- Donmar Warehouse poster
- Music: Dana P. Rowe
- Lyrics: John Dempsey
- Book: John Dempsey
- Productions: 1997 West End 1998, 2015 Arlington, Virginia 2016 Off-West End

= The Fix (musical) =

The Fix is a musical with book and lyrics by John Dempsey and music by Dana P. Rowe. It concerns the career of a fictional U.S. politician who gets mixed up with the Mafia.

It premiered at London's Donmar Warehouse in 1997.

==Production history==
The Fix was developed in association with Cameron Mackintosh under the working title Cal: A Musical Tale of Relative Insanity.

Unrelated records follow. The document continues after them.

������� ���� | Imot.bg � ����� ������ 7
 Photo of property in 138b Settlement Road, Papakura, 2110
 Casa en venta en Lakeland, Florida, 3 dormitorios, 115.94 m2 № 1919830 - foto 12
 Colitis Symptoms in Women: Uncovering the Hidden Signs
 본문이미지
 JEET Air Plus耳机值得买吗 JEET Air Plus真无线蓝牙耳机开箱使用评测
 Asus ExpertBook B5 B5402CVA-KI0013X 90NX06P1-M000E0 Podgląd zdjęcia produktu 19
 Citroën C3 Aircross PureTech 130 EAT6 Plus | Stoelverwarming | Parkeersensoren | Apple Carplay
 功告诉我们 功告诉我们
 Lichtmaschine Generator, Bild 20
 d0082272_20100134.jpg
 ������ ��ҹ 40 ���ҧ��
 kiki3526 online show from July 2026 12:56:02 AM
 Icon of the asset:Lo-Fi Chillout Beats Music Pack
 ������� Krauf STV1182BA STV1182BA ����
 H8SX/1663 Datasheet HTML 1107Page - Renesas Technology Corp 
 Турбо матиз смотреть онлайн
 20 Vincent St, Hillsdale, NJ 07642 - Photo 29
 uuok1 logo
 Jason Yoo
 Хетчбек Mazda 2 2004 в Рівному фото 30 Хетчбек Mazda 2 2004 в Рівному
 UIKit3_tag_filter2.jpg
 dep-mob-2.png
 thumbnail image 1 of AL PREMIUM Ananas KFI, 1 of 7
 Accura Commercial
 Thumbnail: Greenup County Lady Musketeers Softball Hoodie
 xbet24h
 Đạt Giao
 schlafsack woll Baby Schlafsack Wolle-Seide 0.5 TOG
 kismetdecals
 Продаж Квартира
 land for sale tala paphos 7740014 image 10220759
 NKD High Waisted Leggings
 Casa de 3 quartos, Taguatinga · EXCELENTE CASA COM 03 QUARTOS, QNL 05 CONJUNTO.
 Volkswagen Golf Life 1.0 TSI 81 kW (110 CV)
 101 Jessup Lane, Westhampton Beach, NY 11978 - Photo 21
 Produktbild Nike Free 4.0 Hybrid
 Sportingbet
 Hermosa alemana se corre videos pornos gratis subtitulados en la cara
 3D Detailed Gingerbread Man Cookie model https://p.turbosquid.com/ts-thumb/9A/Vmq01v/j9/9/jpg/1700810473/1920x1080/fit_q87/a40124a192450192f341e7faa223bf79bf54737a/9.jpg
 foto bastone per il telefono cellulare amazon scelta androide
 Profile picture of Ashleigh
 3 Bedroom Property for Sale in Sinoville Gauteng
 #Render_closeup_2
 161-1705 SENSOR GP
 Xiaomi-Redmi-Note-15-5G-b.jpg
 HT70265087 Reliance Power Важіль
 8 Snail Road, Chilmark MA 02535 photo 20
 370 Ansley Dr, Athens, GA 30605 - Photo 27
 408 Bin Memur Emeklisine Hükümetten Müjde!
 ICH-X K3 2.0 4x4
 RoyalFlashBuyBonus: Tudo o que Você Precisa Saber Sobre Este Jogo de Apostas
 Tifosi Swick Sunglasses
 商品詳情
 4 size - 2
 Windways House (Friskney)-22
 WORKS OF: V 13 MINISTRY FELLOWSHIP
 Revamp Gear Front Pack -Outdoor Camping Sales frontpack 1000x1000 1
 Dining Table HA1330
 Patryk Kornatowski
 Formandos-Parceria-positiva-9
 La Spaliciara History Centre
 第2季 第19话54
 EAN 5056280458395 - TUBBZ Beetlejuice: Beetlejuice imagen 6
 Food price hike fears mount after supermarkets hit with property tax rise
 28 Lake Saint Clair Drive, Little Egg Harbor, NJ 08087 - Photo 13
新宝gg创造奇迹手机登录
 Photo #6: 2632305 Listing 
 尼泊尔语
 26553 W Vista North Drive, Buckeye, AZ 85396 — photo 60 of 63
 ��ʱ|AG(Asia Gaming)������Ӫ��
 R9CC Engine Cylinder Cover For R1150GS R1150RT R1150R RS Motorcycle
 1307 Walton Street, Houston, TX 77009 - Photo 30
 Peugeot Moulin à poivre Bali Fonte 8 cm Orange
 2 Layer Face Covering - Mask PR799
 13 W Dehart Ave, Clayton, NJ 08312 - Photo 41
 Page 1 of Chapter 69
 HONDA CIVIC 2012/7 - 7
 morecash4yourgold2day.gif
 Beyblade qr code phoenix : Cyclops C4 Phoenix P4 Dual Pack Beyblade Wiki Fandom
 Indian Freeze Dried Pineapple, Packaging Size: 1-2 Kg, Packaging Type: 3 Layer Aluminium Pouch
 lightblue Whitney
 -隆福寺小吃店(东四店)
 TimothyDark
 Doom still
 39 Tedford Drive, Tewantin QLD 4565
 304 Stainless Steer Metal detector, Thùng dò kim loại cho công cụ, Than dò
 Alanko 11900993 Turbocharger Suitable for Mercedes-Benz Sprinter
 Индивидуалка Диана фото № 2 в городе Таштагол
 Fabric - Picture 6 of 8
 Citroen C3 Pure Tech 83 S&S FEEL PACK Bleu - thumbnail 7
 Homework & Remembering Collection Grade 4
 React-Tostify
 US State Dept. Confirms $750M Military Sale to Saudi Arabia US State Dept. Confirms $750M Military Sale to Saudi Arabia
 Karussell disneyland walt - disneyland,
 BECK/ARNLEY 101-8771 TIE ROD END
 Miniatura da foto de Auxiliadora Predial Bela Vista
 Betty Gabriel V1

In 1997, The Fix premiered at the Donmar Warehouse, in a production directed by Sam Mendes, with musical direction by Colin Welford. Running from 29 April through 14 June, the production starred John Barrowman, Kathryn Evans and Philip Quast, and featured a young John Partridge and Rebecca Front in ensemble roles. Barrowman and Quast were both nominated for the 1998 Olivier Award for Best Actor in a Musical for their roles, with Quast winning the award. The production was also nominated for Olivier Awards for Best New Musical and Best Lighting Designer (for Howard Harrison).

In 1998, a reworked version of The Fix made its US premiere at the Signature Theatre. The production was directed by Eric D. Schaeffer and ran from 17 March through 10 May.

In 2015, the Signature Theatre revived The Fix, with Schaeffer again directing. The production ran from 11 August through 20 September.

In 2016, a fringe production played at the Union Theatre in London from 13 July through 6 August.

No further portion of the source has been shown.